IPD: Italian pooled property funds deliver slender H1 returns (IT)

Italian pooled property funds delivered a positive 0.2% total return over the six months to June 2010, according to the IPD Italian Pooled Property Fund Indices (Italian PPFI). The biannual return contributed modestly to the 0.9% annual figure, which was driven by a 70 bps return over the second half of last year.

Within the Italian PPFI universe – which comprises 17 'blind pool' and 21 'seeded' funds with an aggregate net asset value of €8.8 billion at June 2010 – seeded funds delivered a strong annual return, at 2.2%, while blind pool funds returned a negative 1.6%. In H1, blind pool and seeded funds returned -0.8% and 0.9%, respectively.

Drilling further into the universe within the blind and seeded fund pools, the first half performance for balanced and specialist funds were -0.6% and 0.8%, respectively, and for the 12 months, specialist funds outperformed balanced funds by nearly four percentage points – at 2.6% and -1.3%, respectively. Overall, seeded and specialist funds outperformed the all pooled fund average, while blind pool and balanced funds both underperformed against the Italian PPFI benchmark on both a six and 12-month basis.

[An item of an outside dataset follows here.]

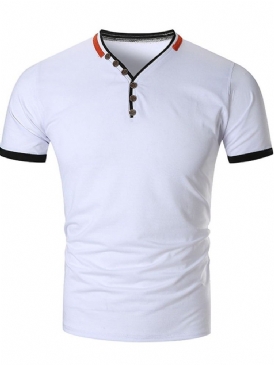 Button Color Block V-Hals Slim T-Shirt För Män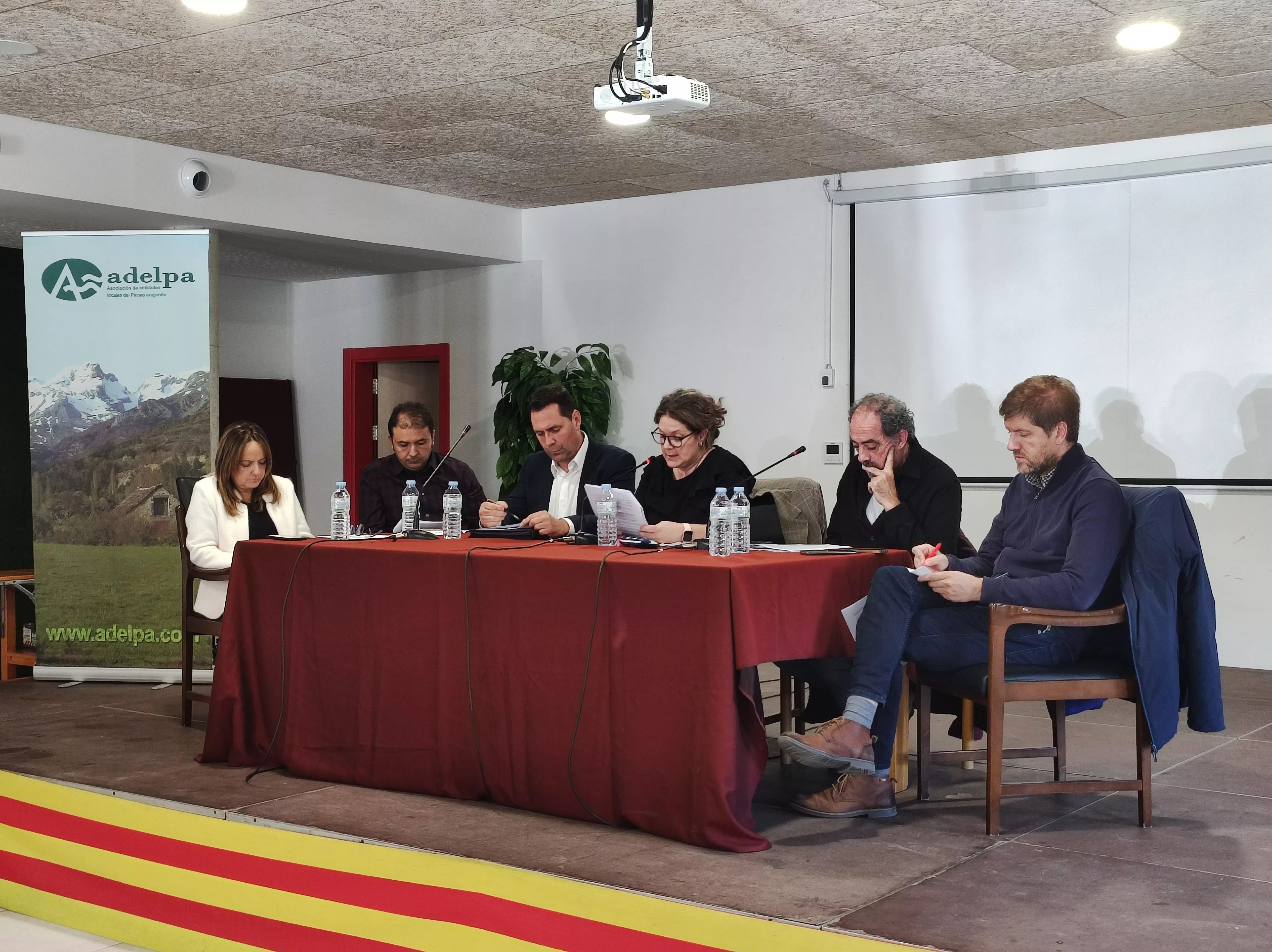 Begoña Dorado y el resto de la directiva de Adelpa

Over the six months to June 2010, all pooled funds outperformed Italian equities, which returned -14.5%, and property equities, which delivered a -10.4% return. Italian bonds outperformed the Italian PPFI, with 1.4% over the first half of the year. On a five-year annualized basis, Italian PPFI funds returned 5.0%, outperformed equities (-5.9%), property equities (-16.5%) and bonds (3.8%), providing further evidence of the low correlation of real estate with other asset classes.

Luigi Pischedda, Country Manager Italy at IPD, said: "The modest positive biannual performance delivered by Italian PPFI funds contrasts with the recovery we have seen in the second half of 2009. However, if we look closely at the contributing components of returns, capital returns delivered a stronger performance than that achieved in the six months to December and in the 12 months to June 2009. Although capital returns still drift in negative territory, the all pooled funds -1.2% capital return recorded in H1 2010 is the lowest rate in the last two years."